# Question about jetting my carb!



## deputy865 (Feb 7, 2004)

Alright, so I'm finally going to be jetting my quad and I just want to be sure to I'm going to get it right...

Mods that would be relevant to topic:
(2005 Honda 400ex)
Full big gun exhaust
Uni Air filter
Plan on running without the airbox lid

My jetting plans:

175 main
45 Pilot 
Needle on the 3rd clip (?)
Fuel screw 2 - 2.5 turns out (?)

Now, the question.. Will I be fine with a 45 pilot? I REALLY wanted the 42, but Rocky Mountain is out of them and I can't seem to find the 42 anywhere else... Unless I want one from overseas (eBay) and get it in 3 weeks..... Trying to get this finished up asap. 
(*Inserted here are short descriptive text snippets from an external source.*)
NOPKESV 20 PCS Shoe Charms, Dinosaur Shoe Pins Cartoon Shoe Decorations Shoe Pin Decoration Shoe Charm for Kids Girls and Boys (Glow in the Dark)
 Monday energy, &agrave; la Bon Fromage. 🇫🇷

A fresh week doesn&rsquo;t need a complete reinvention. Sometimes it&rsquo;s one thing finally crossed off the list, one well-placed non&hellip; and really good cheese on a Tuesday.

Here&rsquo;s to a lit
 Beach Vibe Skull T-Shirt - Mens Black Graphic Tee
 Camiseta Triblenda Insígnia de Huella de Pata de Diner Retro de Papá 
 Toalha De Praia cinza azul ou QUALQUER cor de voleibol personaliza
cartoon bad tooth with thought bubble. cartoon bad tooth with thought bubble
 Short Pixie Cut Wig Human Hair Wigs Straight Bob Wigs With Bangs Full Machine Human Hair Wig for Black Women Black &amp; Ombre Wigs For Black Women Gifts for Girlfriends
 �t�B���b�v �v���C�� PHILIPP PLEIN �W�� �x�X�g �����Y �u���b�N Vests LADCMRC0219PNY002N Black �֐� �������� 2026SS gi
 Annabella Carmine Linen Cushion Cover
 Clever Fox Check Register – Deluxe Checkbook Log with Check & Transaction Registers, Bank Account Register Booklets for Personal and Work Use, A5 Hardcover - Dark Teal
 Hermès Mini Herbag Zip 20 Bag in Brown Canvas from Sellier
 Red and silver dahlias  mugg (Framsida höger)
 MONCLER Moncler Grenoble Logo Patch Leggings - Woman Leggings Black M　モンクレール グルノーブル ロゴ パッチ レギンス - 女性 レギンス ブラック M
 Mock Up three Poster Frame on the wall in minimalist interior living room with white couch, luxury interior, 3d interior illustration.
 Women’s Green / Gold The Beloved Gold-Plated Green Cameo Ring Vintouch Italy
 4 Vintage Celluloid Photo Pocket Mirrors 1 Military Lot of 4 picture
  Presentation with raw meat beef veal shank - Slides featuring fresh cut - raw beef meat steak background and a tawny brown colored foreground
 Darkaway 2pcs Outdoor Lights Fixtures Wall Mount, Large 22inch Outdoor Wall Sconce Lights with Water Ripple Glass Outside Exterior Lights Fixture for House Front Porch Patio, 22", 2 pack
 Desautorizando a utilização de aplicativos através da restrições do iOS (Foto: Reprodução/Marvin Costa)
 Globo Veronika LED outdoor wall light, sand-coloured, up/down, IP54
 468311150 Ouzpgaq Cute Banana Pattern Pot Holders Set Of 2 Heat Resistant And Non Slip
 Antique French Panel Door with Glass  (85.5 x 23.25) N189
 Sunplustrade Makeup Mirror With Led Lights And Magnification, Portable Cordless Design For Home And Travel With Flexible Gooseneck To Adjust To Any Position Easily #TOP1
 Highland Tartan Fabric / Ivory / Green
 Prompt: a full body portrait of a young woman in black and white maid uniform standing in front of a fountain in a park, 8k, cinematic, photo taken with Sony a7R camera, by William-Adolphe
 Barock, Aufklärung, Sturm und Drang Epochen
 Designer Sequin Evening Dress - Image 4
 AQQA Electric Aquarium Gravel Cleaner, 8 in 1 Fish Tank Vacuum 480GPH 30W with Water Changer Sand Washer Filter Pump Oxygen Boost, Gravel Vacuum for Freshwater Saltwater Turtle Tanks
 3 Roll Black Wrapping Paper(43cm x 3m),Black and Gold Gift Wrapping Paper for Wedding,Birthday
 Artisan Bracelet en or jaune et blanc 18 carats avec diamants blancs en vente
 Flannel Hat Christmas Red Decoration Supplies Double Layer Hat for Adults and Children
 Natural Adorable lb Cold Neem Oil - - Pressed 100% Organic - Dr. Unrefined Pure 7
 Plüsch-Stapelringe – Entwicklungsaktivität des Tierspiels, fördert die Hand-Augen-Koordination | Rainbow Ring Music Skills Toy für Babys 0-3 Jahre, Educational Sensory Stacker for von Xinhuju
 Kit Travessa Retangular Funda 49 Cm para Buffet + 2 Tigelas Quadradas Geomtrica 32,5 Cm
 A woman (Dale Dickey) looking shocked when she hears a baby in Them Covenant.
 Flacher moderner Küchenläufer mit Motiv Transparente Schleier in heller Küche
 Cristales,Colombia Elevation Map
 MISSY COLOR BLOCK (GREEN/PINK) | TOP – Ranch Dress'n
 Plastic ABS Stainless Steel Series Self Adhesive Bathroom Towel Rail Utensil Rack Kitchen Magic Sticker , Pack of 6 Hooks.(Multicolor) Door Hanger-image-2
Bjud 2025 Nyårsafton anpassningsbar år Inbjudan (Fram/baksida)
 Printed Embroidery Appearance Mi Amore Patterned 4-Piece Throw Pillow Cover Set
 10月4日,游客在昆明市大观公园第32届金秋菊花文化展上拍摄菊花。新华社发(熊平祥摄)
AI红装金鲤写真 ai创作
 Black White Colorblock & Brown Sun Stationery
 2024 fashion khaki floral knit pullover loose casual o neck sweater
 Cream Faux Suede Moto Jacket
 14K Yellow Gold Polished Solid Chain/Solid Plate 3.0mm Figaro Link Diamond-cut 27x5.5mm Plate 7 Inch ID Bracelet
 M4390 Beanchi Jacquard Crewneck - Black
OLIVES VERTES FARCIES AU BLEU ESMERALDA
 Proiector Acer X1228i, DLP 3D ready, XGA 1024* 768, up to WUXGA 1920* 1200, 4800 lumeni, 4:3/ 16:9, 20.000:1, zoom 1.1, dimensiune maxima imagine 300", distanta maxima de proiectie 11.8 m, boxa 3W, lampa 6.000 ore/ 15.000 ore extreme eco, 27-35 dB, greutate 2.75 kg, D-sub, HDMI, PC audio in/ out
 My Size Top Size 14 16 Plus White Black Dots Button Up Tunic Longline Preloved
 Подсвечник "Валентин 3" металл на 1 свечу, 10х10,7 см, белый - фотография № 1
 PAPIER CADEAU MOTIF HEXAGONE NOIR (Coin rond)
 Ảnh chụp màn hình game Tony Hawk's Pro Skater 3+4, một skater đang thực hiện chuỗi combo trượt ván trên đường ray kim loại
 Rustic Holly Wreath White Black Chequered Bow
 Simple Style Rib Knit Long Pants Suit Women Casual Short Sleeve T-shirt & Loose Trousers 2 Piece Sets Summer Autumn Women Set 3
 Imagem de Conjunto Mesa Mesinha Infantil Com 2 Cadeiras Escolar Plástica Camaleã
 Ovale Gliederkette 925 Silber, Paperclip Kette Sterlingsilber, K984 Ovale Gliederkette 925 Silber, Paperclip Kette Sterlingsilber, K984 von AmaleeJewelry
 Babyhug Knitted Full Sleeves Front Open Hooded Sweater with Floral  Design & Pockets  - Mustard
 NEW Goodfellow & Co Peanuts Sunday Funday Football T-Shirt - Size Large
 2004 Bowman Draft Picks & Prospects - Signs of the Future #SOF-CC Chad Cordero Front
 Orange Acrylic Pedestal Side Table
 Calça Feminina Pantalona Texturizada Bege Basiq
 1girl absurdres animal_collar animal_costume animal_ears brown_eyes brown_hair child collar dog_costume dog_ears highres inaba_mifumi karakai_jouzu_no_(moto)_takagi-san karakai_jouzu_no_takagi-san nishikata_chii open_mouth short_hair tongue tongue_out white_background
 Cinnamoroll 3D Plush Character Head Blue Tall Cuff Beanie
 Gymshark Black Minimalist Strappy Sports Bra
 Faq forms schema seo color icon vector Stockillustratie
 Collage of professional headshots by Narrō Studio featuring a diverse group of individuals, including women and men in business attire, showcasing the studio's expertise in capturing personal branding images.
Just looking for my options so I can submit my order(s).

Thanks!

Shane


----------



## Burksee (Jan 15, 2003)

IMO in the end your pilot jet is not going to be as much of a factor as your main jet will be. Pilot jet is more low/mid range performance and starting richer is always a good choice but watch your plugs like a newborn until you've got it dialed in. Running without an airbox top or doing any mods to an airbox or filter usually will immediately take it the lean side. As mentioned once mods have done to the air box, the engine or exhaust all bets are off and you really need to watch your plug and compare it your performance and power.


----------



## GrizzlyHunter (Jun 17, 2005)

My suggestion would be for you to go to ThumperTalk.com, and look up your bike make, then model, the review that forum section. There's more info on that site than you could read in a lifetime.

Good luck!


----------



## link523 (Dec 1, 2006)

if you need jets try jets r us . atv carb tuning http://www.atvriders.com/articles/jetting.html


----------



## GrizzlyHunter (Jun 17, 2005)

link523 said:


> if you need jets try jets r us . atv carb tuning http://www.atvriders.com/articles/jetting.html


Nice educational link. Thanx for posting!


----------